## WHAT YOU NEED TO DO
Leaving out all pictures, restate word for word the lines from the one with "Spacious And Airy" through the last line of the entries.

Segment Start: RECORD EXTRACTS

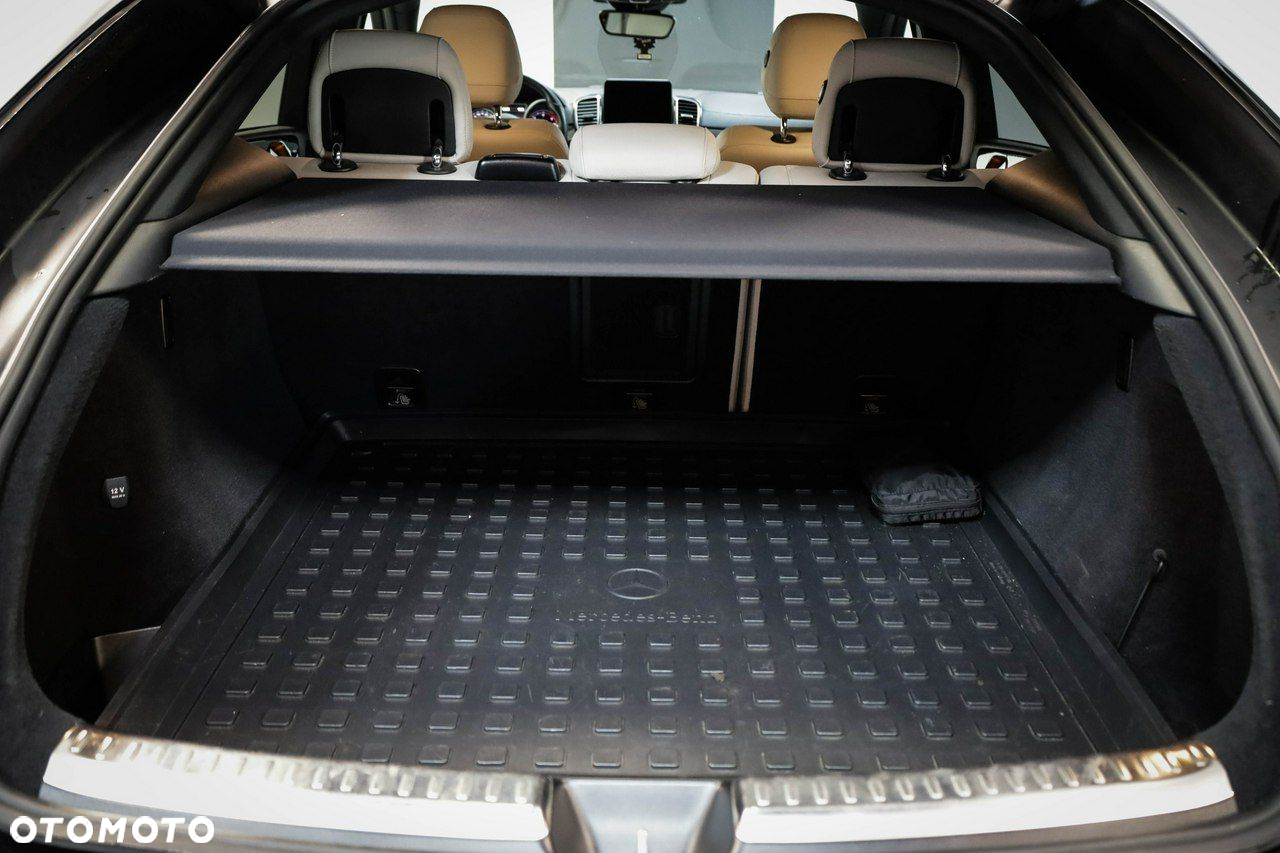 Mercedes-Benz GLE - 13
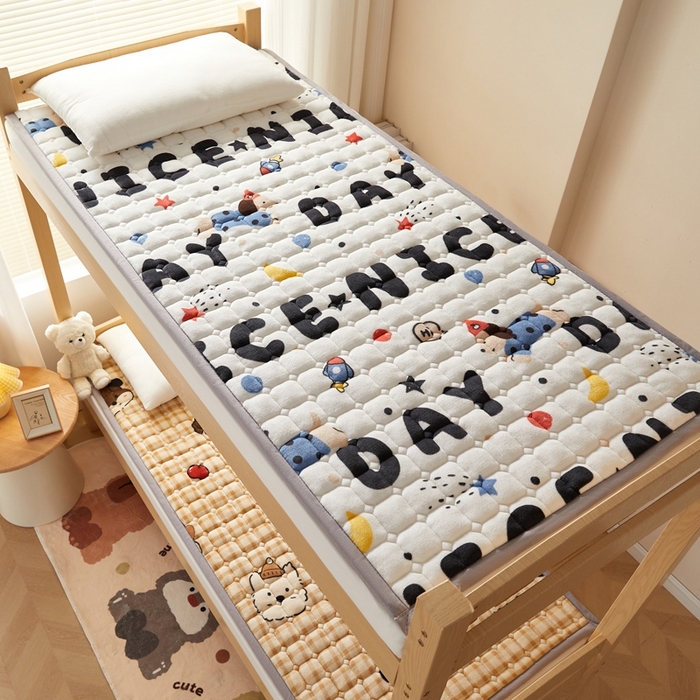 91家纺网 家纺一手货源 找家纺 元昊床垫 2025新款牛奶绒学生宿舍夹棉床垫直角防滑床垫 伙伴熊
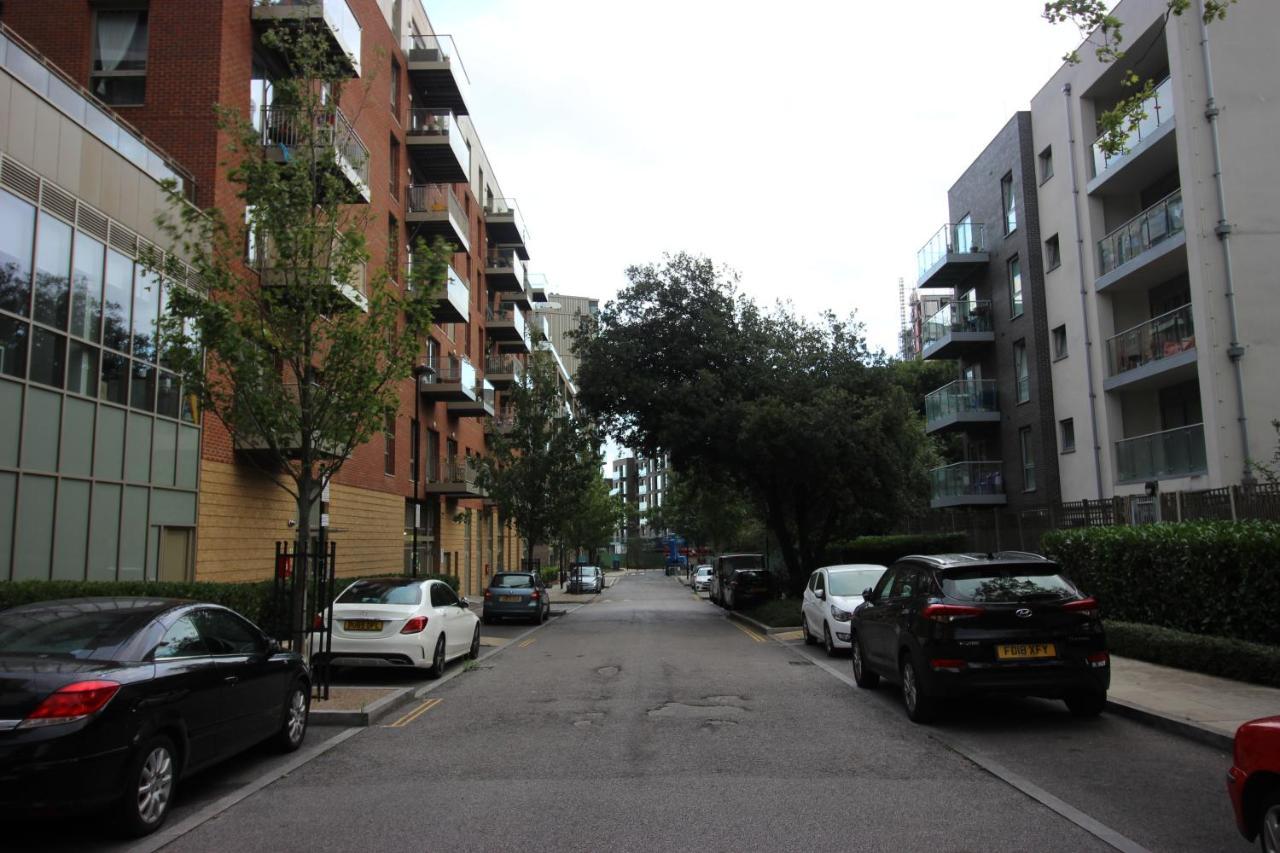 Spacious And Airy 1 Bedroom Flat - Great Location Apartamento *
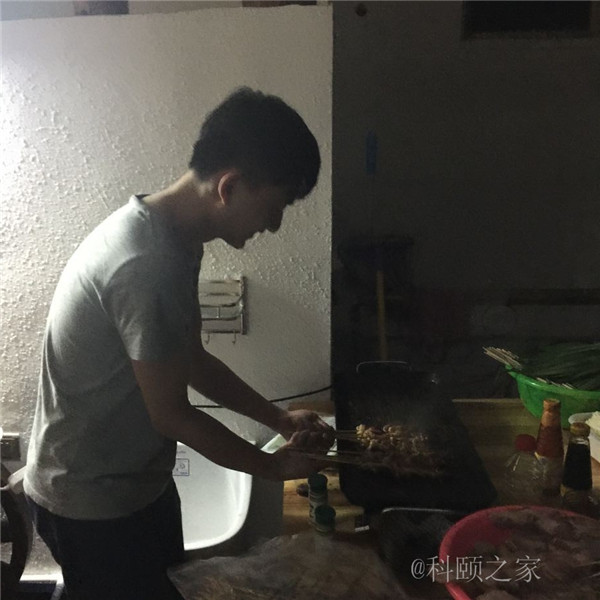 科頤辦公專業修機器的蔡師傅，搖身變專業燒烤師傅了-科頤辦公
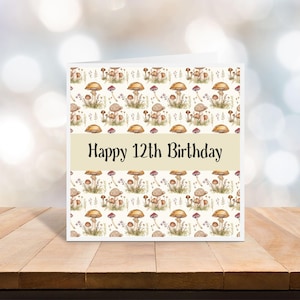 Tarjeta de cumpleaños número 12 con forma de hongo venenoso - Tarjeta en blanco - Tarjeta de felicitación personalizada - Tarjeta de cumpleaños caprichosa - Tarjeta de cumpleaños con estilo cottage core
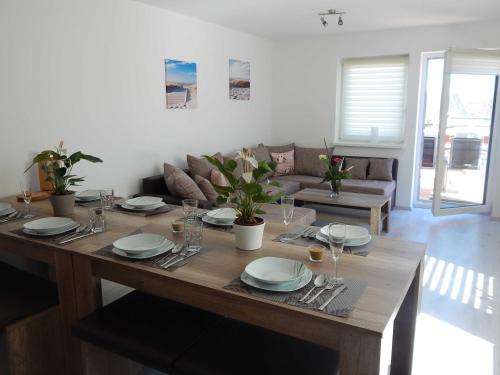 a living room with a table and a couch at Ferienhaus Koenigsberg Haus 1 in Scharbeutz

Segment End: RECORD EXTRACTS

## SOLUTION TO THIS PROBLEM
 Spacious And Airy 1 Bedroom Flat - Great Location Apartamento *
 科頤辦公專業修機器的蔡師傅，搖身變專業燒烤師傅了-科頤辦公
 Tarjeta de cumpleaños número 12 con forma de hongo venenoso - Tarjeta en blanco - Tarjeta de felicitación personalizada - Tarjeta de cumpleaños caprichosa - Tarjeta de cumpleaños con estilo cottage core
 a living room with a table and a couch at Ferienhaus Koenigsberg Haus 1 in Scharbeutz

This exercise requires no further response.